In 2020, Evergrande owner Hui Ka Yan was among the top three Chinese wealthy men. Today, however, the development company that he owns has found itself on the verge of default. Evergrande's debts are overwhelming and reach an astronomical amount of $302 billion. How did Hui Ka Yan lead his development empire to such a deep crisis?

Evergrande is due to pay its investors $83 million on September 23rd. S&P Global believes that the Chinese government refuses to bail out the debt-stricken company. However, Hui Ka Yan is full of optimism. He assured his employees that his company will extricate from the crisis, although he did not specify how.

Many in China criticized the billionaire on Weibo social network, noting that his speech was full of nonsense. Others called him a man who deceives people.

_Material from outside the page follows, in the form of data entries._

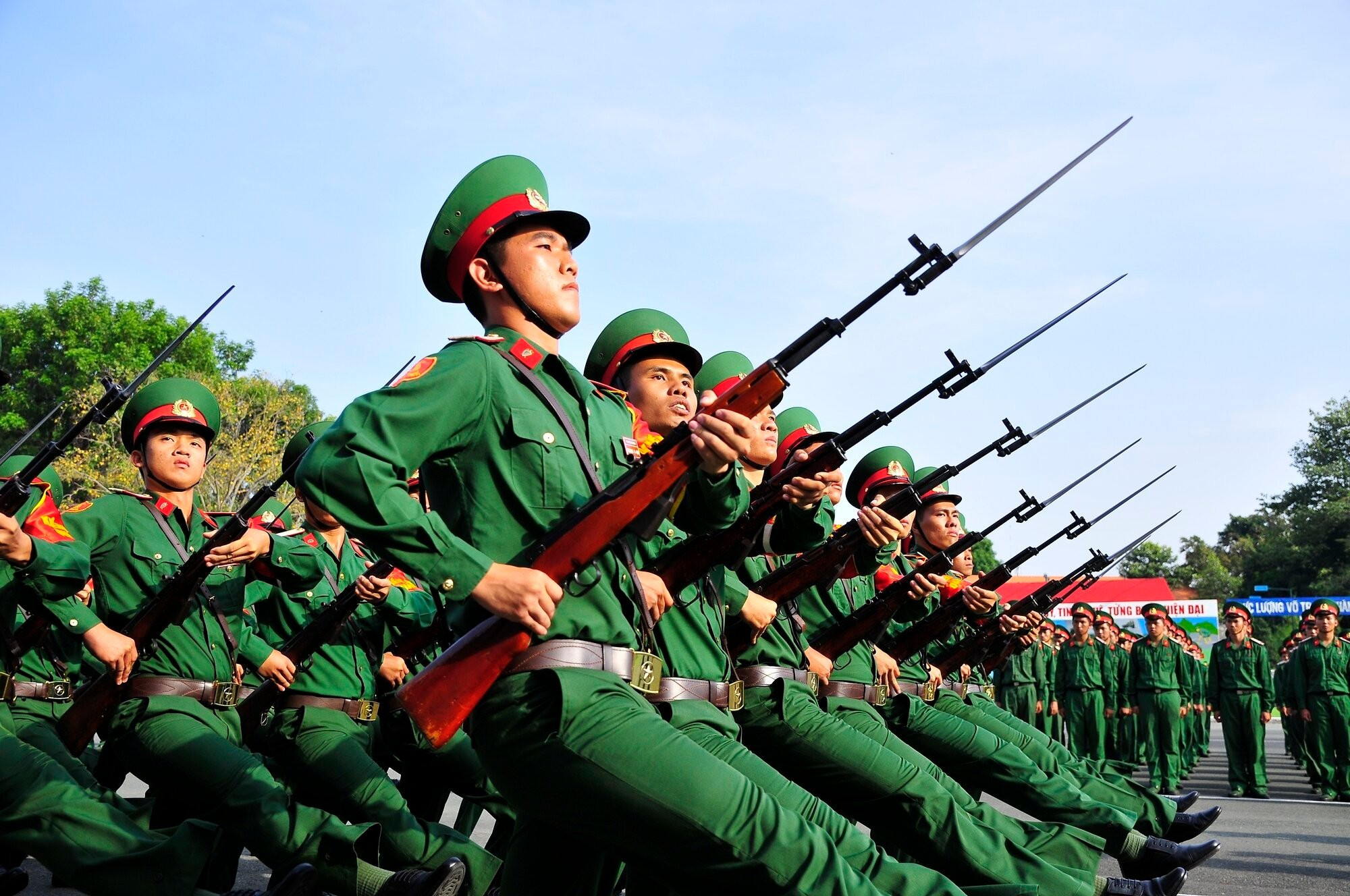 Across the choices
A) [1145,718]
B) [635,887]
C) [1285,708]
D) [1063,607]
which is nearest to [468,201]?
[635,887]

Hui did not always rest on his laurels. When he was young, he worked as a tractor driver to deliver manure. He then worked at a cement plant for two years. At some point of his life, Hui met a fortune teller who told him that he would have a "golden cup in the future." In late 1970s, Hui quit his job and entered the Wuhan University of Science and Technology (it was then called the Institute of Iron and Steel). After graduating and working for several years at the Wuyang Iron and Steel Company, he founded Evergrande Group in 1996.

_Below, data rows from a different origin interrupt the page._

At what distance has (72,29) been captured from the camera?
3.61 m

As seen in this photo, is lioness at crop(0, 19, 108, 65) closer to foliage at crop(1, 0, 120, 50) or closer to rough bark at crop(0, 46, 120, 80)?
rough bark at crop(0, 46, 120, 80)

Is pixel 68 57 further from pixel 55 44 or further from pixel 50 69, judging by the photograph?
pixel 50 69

The company invested in inexpensive real estate. As China's economy grew, Evergrande was growing too. By 2018, the Brand Finance report had recognized the holding as the most valuable real estate company in the world. According to Forbes estimates for 2018, the poor Chinese boy with 70% of company's shares became the richest man in China.

It is worthy of note that Hui Ka Yan also ones the Guangzhou Football Club, one of China's most successful football teams.

This summer, the founder of Evergrande attended the centenary of the Chinese Communist Party. At the same time, the Communist Party of China clearly does not intend to solve Evergrande's debt problems, despite Hui's friendship with the brother of the former Premier of the State Council of the People's Republic of China Wen Jiabao.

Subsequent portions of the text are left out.